• [Problem]
Write out only the lines from the start of the entries up to and including the line with "Gigabyte показала GeForce"; please skip the pictures.
START Extracted information
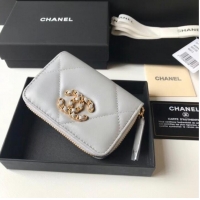 Stylish Chanel 19 Zip Card bag AP0949 grey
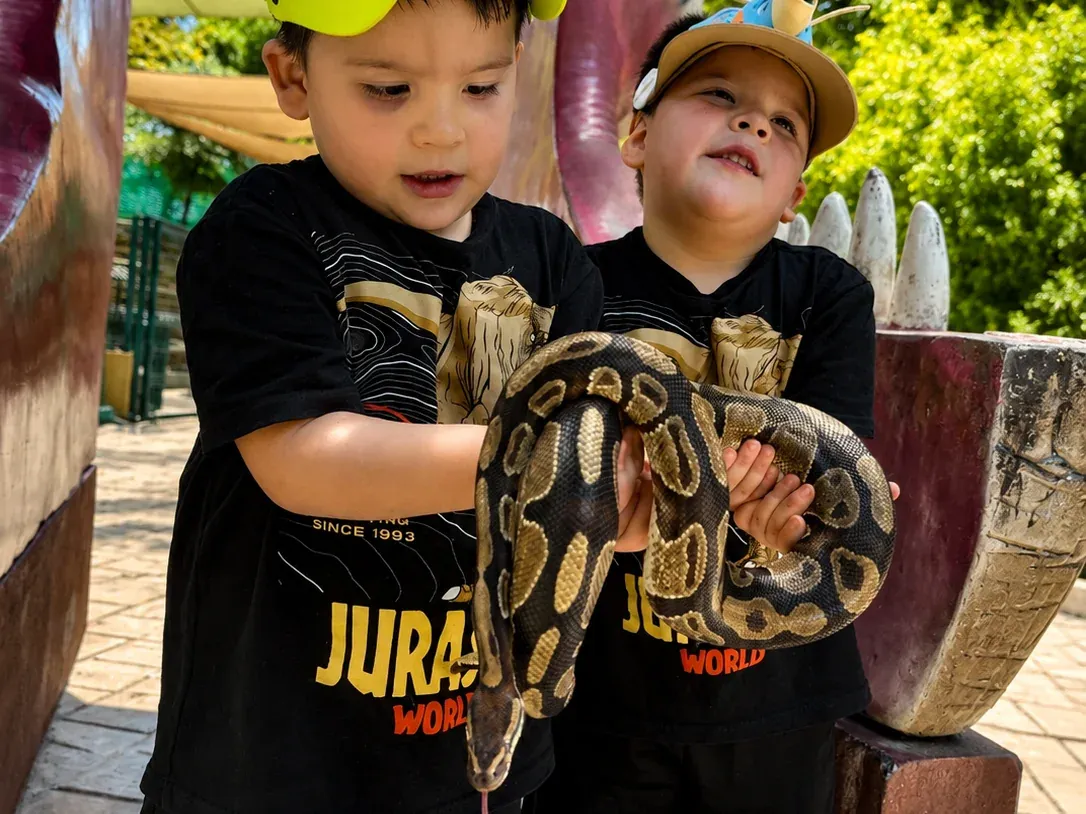 Two children holding a snake during the hands-on animal experiences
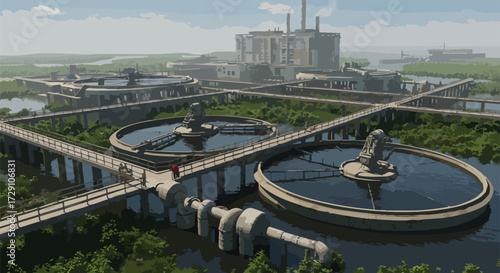 Futuristic Cityscape Sustainable Water Treatment Plant on a Sunny Day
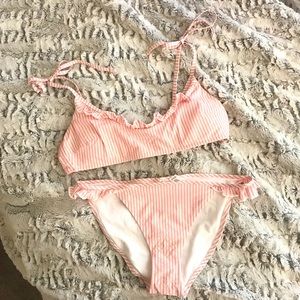 Aerie pink seersucker bikini (top & bottom)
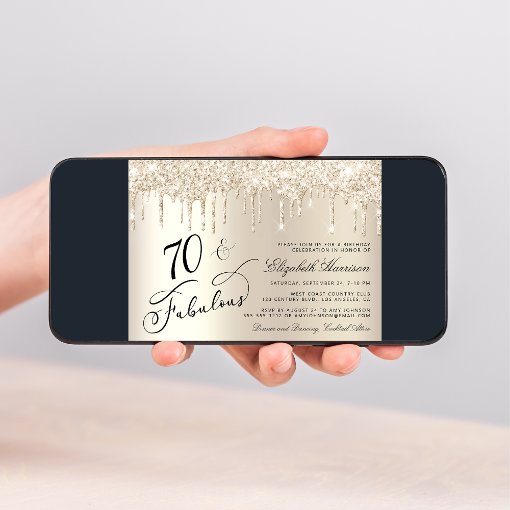 Elegant Gold Glitter 70th Birthday Party Invitation Zazzle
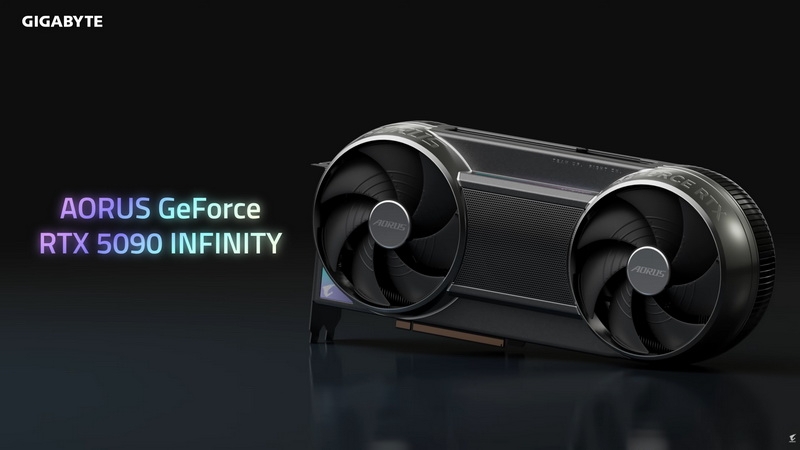 Gigabyte показала GeForce RTX 5090 Infinity с потайным вентилятором и нетривиальным дизайном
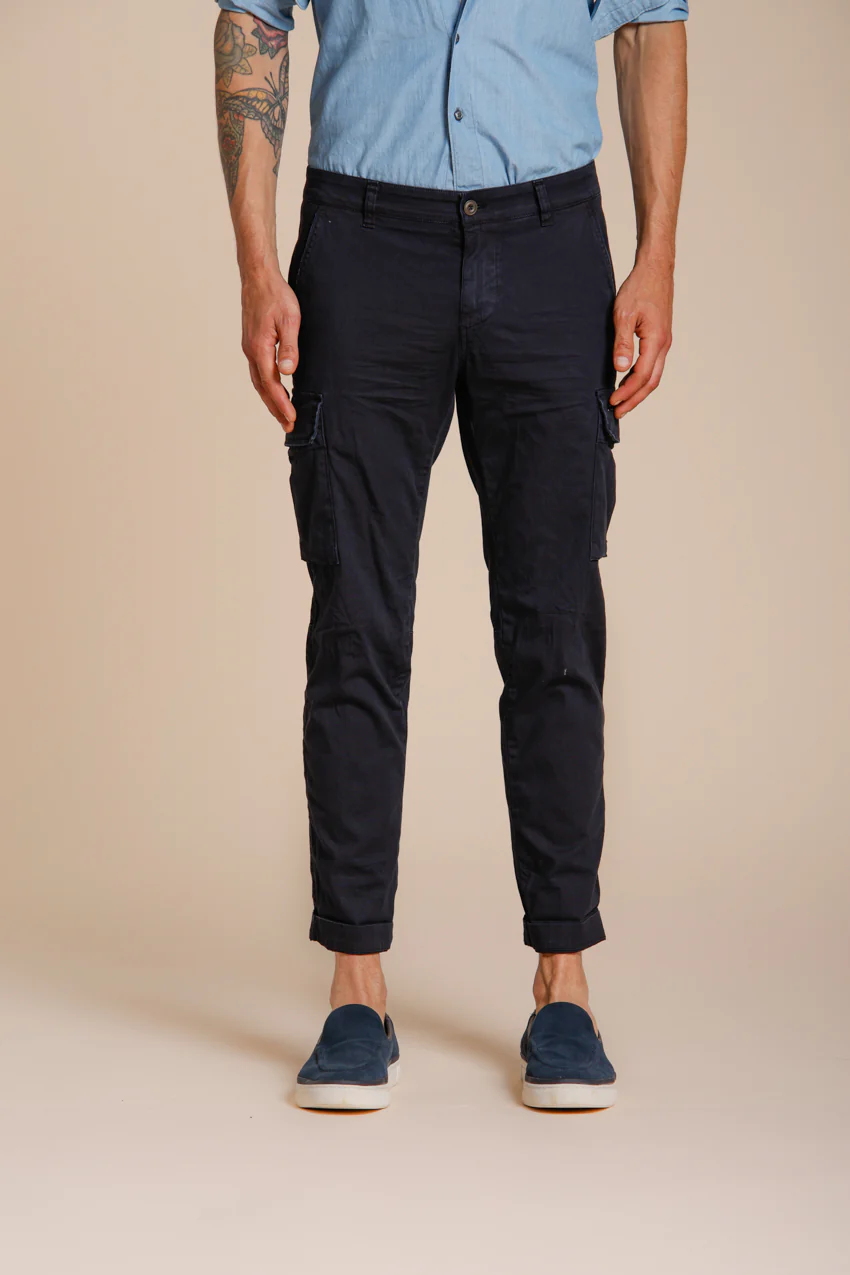 Chile pantalone cargo uomo in raso stretch extra slim fit ①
END Extracted information
• [Exercise response]
 Stylish Chanel 19 Zip Card bag AP0949 grey
 Two children holding a snake during the hands-on animal experiences
 Futuristic Cityscape Sustainable Water Treatment Plant on a Sunny Day
 Aerie pink seersucker bikini (top & bottom)
 Elegant Gold Glitter 70th Birthday Party Invitation Zazzle
 Gigabyte показала GeForce RTX 5090 Infinity с потайным вентилятором и нетривиальным дизайном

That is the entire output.